Nuovi assetti strategici nel Medio Oriente in conseguenza dell’intervento russo

di Luciano Lago

Di fronte allo sviluppo degli avvenimenti in Siria, ai risultati clamorosi ottenuti dall’intervento militare della Russia in quel paese contro i gruppi terroristi, si registrano in questi giorni importanti conseguenze geopolitiche nella regione Medio Orientale e non soltanto in quella.

Primo effetto: l’Iraq, che già si è unito nel centro di coordinamento della lotta antiterrorista costituito a Baghdad, assieme alla Russia, la Siria e l’Iran, ha fatto ufficialmente richiesta a  Mosca  di estendere la sua campagna di attacchi aerei anche al territorio iracheno, dove già i russi avevano ottenuto le autorizzazioni di sorvolo.

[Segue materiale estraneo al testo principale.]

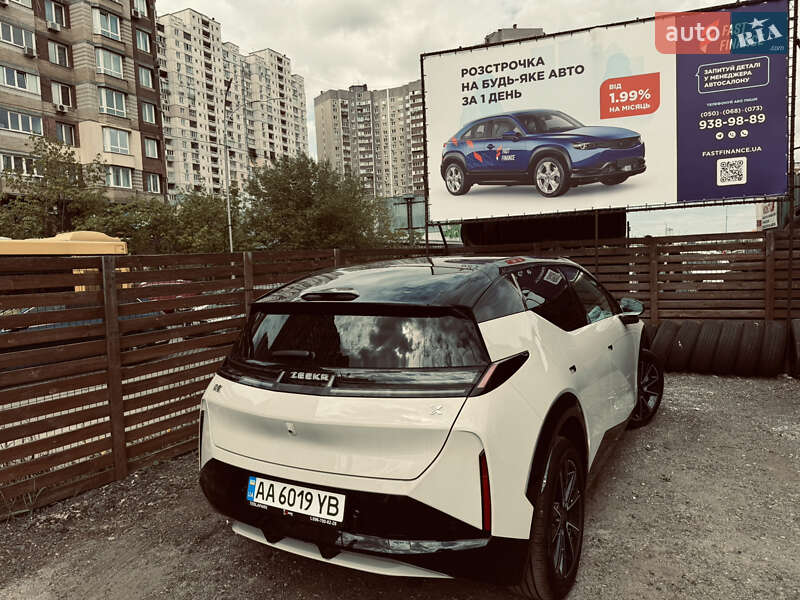 Хэтчбек Zeekr X 2023 в Киеве
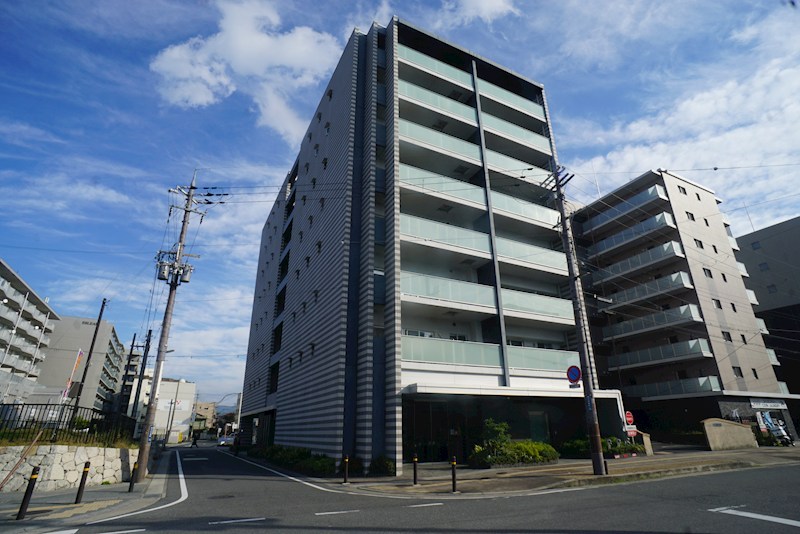 ローレルコート西大寺南町 204号室 外観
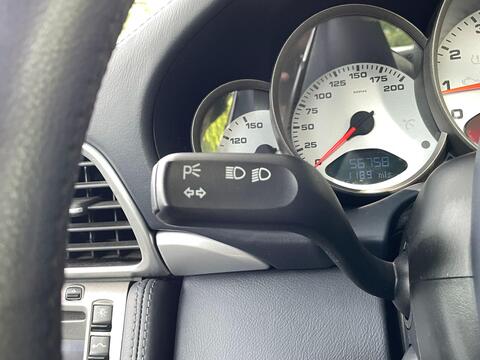 Porsche 911 view 22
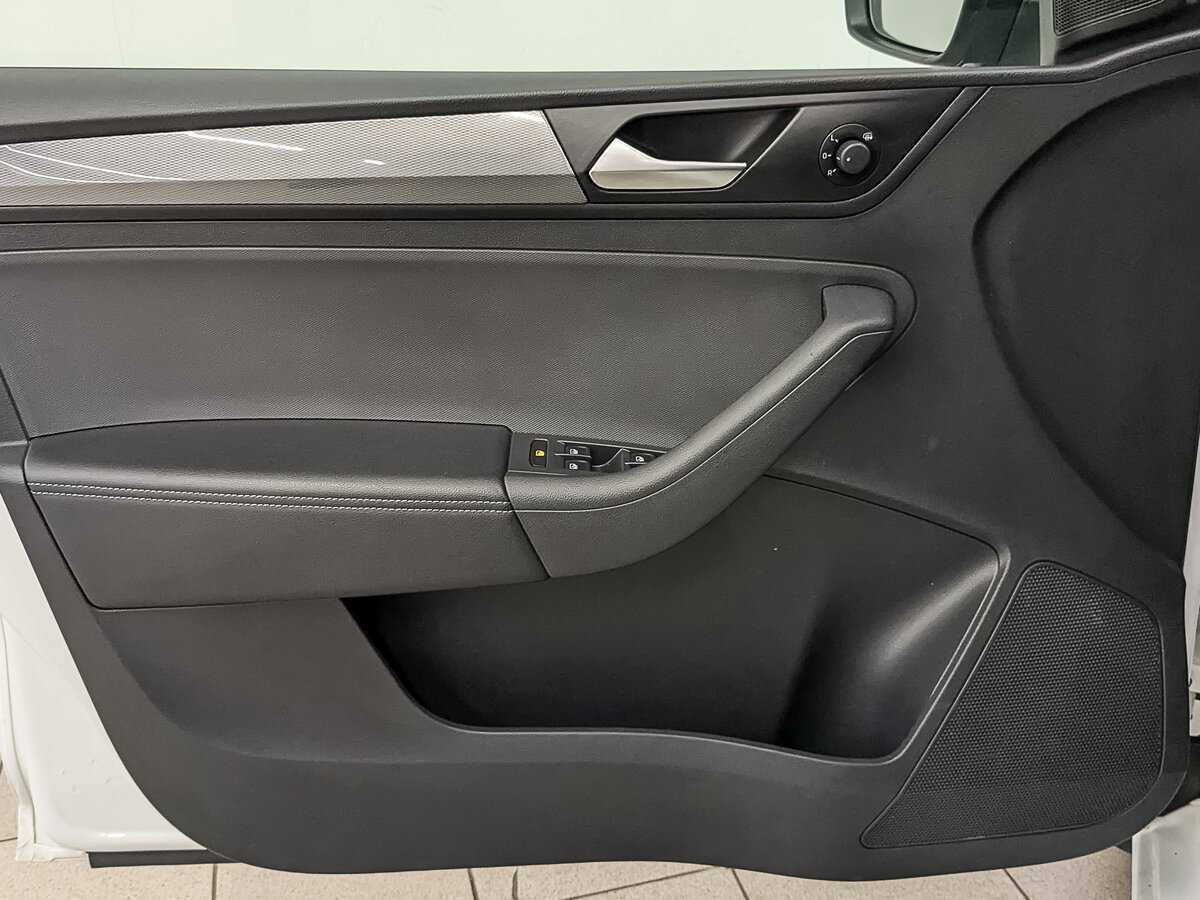 Купить Volkswagen Polo, 2021, 142 153 км, фото №19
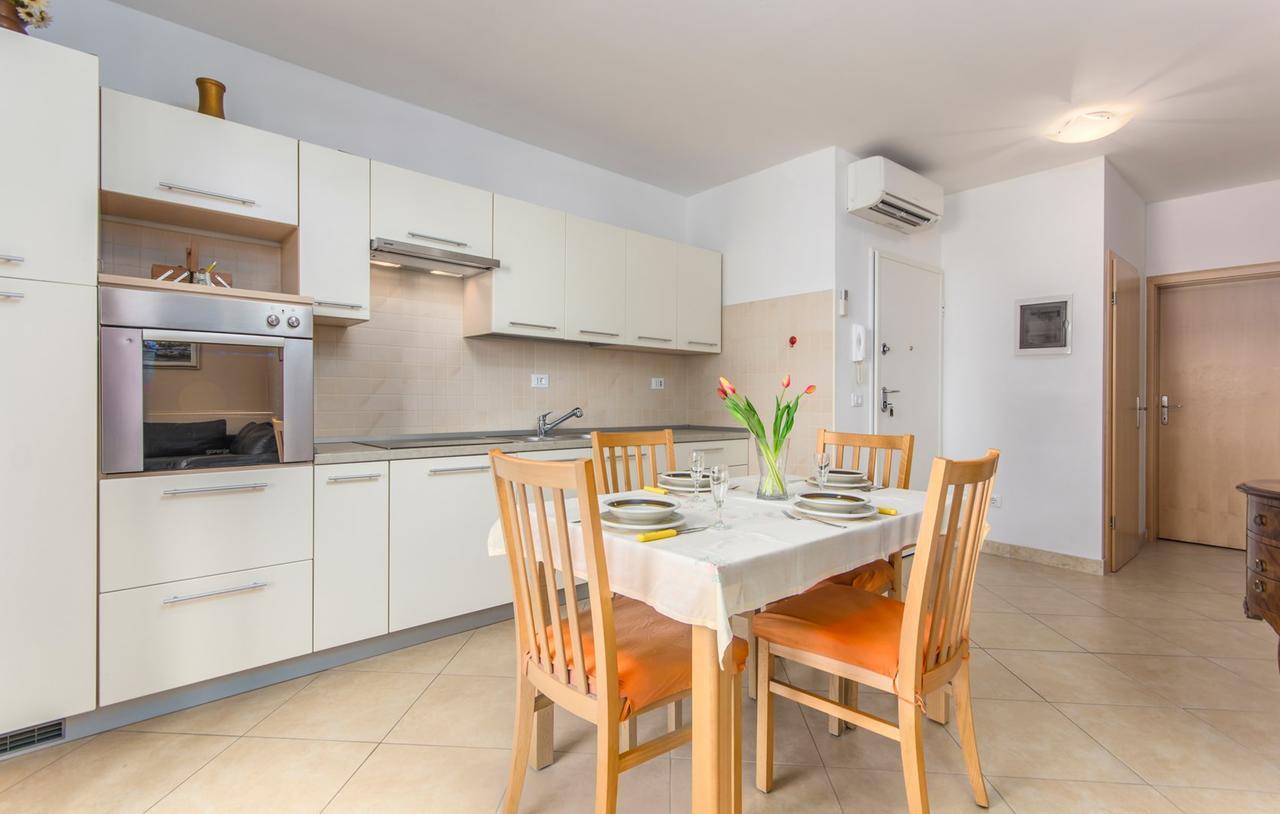 Apartment Riva Πόρετς Εξωτερικό φωτογραφία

La richiesta è arrivata tramite il presidente del Comitato di Difesa del Parlamento iracheno, Hakim al Zamiri, il quale ha esplicitato la sua richiesta al Governo di Mosca, facendo capire che gli iracheni non nutrono molta fiducia nell’azione antiterrorista delle forze USA che sono da oltre un anno nel paese con la loro coalizione che non ha prodotto risultati significativi ma che al contrario ha visto espandersi il potere dell’ISIS nel paese. Lo stesso primo ministro iracheno, Haider Abadi, nel corso di una intervista al canale France 24 ,ha annunciato che il suo paese darà il benvenuto all’intervento russo contro lo Stato Islamico.

Secondo effetto: l’Egitto, il più popoloso paese arabo, si è riavvicinato al governo siriano del presidente Bashar al-Assad e, tramite il suo presidente, Abdul Fattah al Sisi, ha dichiarato che” la sopravvivenza al governo siriano di Assad rappresenta la soluzione alla crisi della Siria”.

Secondo il giornale palestinese Al Manar, il presidente Assad ed il presidente egiziano Sisi potrebbero celebrare prossimamente un vertice, di grande significato politico, visto il ruolo che l’Egitto svolge nella regione. Il principale argomento del vertice sarebbe la lotta al terrorismo takfiri che rappresenta la maggiore minaccia per entrambi i paesi. Il giornale informa che  un emissario del presidente egiziano è già arrivato a Damasco con una lettera personale di Al Sisi e con l’incarico di preparare il terreno per lo svolgimento di tale vertice che avverrà fra poche settimane.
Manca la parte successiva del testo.